WATCH: It was a tough day for employees of CanJet. The struggling Halifax-based airline announced it’s grounding all flights. Ross Lord has the story.
TORONTO — The president of CanJet Airlines and the union representing employees say the company has ceased flight operations effective immediately, just months after the airline underwent significant layoffs.
Stephen Rowe told Global News the airline has suspended flight operations effective immediately, but will continue as a company to manage the four 737 airplanes in their fleet, which will be subsequently dry-leased to other airlines.
“The reason that we suspended flight operations today was really two things; basically operating one aircraft is not a very profitable exercise as you could imagine,” said Rowe.
“And also we as a company — we haven’t had the ability to identify a market opportunity that we can move forward with confidence in obtaining and being successful.”

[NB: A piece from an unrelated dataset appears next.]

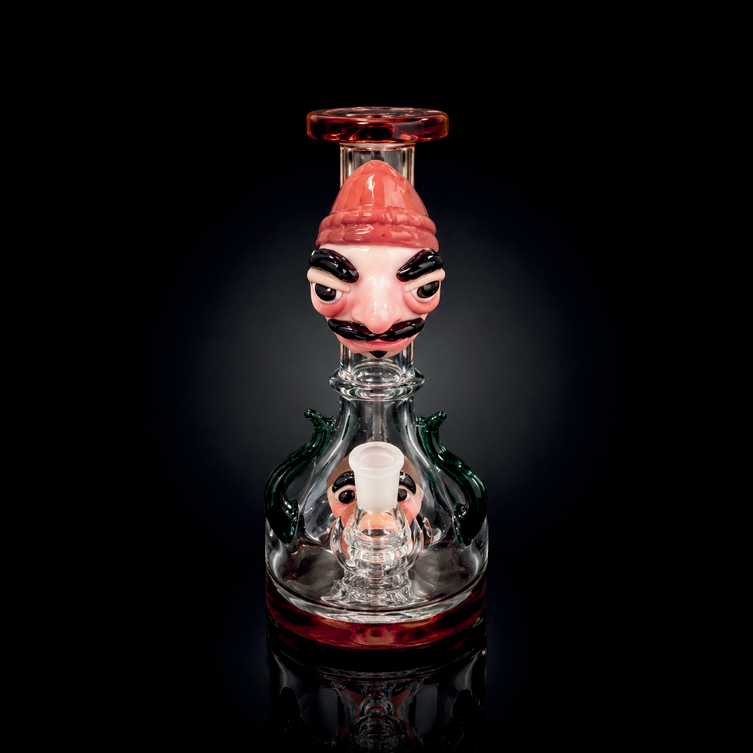 Waterpipe - 8.5in - Mustached Character 3D Resin Design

Lesley Swann, a spokeswoman for CUPE National, said flight attendants were taken completely off guard by the announcement today.
“CUPE Local 4044 and its members are in shock today. They found out only this morning that CanJet has ceased flying operations as of today,” she said.
“We are looking into any legal avenues we may have. Right now, we are focusing on assisting our members any way we can during this difficult time.”
Rowe said the financial risk associated with the airline was “fairly extreme,” but the company will continue to explore other options so that “maybe one day we can get back in the air.”
“We’re just going to take a step back and continue as a group to see if we can come up with a business plan, which like I said we haven’t identified one to date, that we’re comfortable as a company moving towards,” he said.
“So we didn’t see much point in carrying on operating one airplane unprofitably and that was part of the reason why we put it on the ground today.”
The Airline Pilots Association issued a statement in April that said 47 pilots will be let go by the charter airline, saying the union had worked for months with management to mitigate involuntary layoffs.
Meanwhile, the Canadian Union of Public Employees confirmed in April that 38 seasonal and nine permanent flight attendants had also received layoff notices.
Rowe said the move affected about 15 pilots and 40 flight attendants based in Toronto, in addition to support staff at CanJet’s head office in Halifax, N.S.
WATCH: CanJet announced it is laying of most of its staff. The airline has ceased its European operation, saying it’s simply not profitable. Ross Lord has the details.
“It’s a sad day for the company, we’ve been operating aircrafts for 20 years and hopefully maybe one day we will find that business plan that we can get back operating again,” Rowe said, adding that the airline will maintain its leased airplanes until they are due back to their owners in May 2016.
“Maybe between now and then we will find that opportunity that we’re confident we can move forward and be successful at.”
Rowe added that the current aircraft CanJet operates for Air Transat under an ACMI wet lease will be transferred to Air Transat’s fleet of 737 aircrafts.